Brevemente le referí mis aventuras y me escuchó en silencio.

—En todo esto hay una suerte de fatalidad —advirtió cuando hube acabado con mi relato—. A cada paso eres tú quien nos salvas la vida, ¿y crees, por casualidad, que te vamos a dejar que expongas la tuya? Mala recompensa fuera, muchacho. Descubriste la conjura, descubriste la presencia de Ben Gunn... tu mejor negocio, aunque tengas que vivir cien años... ¡ Oh, por Júpiter!, a propósito de Ben Gunn... ¡Eh, Silver —llamó—, Silver! Os voy a dar un consejo.

Cuando el cocinero estuvo cerca, prosiguió:

—No apresuréis demasiado la caza del tesoro.

—Haré lo que pueda, pero no es mucho eso —dijo Silver—. No puedo salvar mi vida y la del muchacho, con todo vuestro respeto, más que buscando el tesoro, podéis creerlo.

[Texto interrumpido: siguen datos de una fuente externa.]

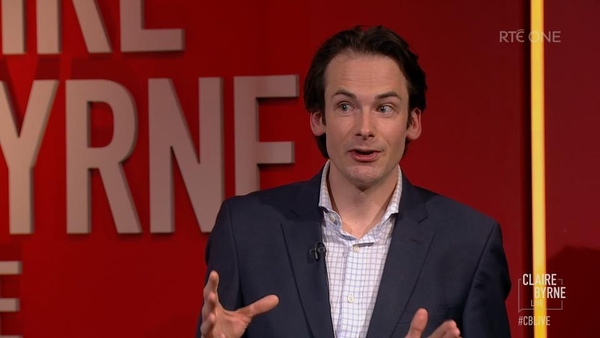 Dr Tomás Ryan speaking on Claire Byrne Live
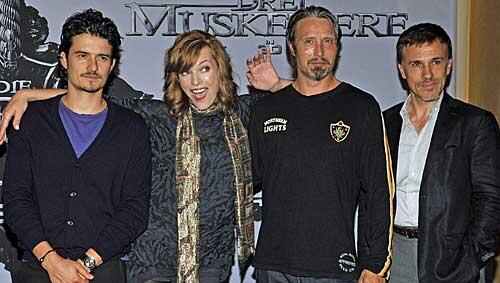 Starbesetzung - Im Film "Musketiere" spielt die Creme de la Creme der Hollywoodstars Starbesetzung - Im Film "Musketiere" spielt die Creme de la Creme der Hollywoodstars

—Bueno, Silver —respondió el doctor—, puesto que es así, voy a deciros algo más: andad alerta al viento en el momento en que lo descubráis.

—Señor –—dijo Silver—, o decís demasiado o no lo decís todo. ¿Qué objetivo perseguís? ¿Por qué habéis abandonado el fortín? ¿Por qué me habéis dado el mapa? No sé nada, ¿no es cierto? Y he actuado según vuestros deseos, con los ojos vendados, sin recibir nunca una palabra esperanzadora. Pero ahora ya es demasiado. Si no explicáis claramente de qué se trata, abandono la caña del timón.

—No —dijo el doctor pensativo—, no tengo derecho a deciros nada más, no es un secreto mío; advertidlo, Silver; si no, os doy mi palabra de que os lo diría. Pero iré tan lejos como sea posible, e incluso un poco más allá, pues, si no me equivoco, ya oirá mi peluca del capitán. Y, ante todo, os doy un poco de esperanza, Silver. Si los dos salimos vivos de esta trampa de lobos, haré lo que pueda por salvaros, dejando aparte falsos testimonios.

La figura de Silver irradiaba. Exclamó:

—No podríais haber dicho más, estoy seguro, aunque fuerais mi propia madre.

—Ésta es pues mi primera concesión —volvió a hablar el doctor—. La segunda es un consejo: mantened al muchacho junto a vos, y cuando necesitéis ayuda llamadnos. Voy a buscárosla, lo que os demostrará que no hablo a la ligera... Adiós, Jim.

Y el doctor Livesey me estrechó la mano a través de la empalizada, hizo una señal con la cabeza a Silver y con rápido paso se adentró en el bosque.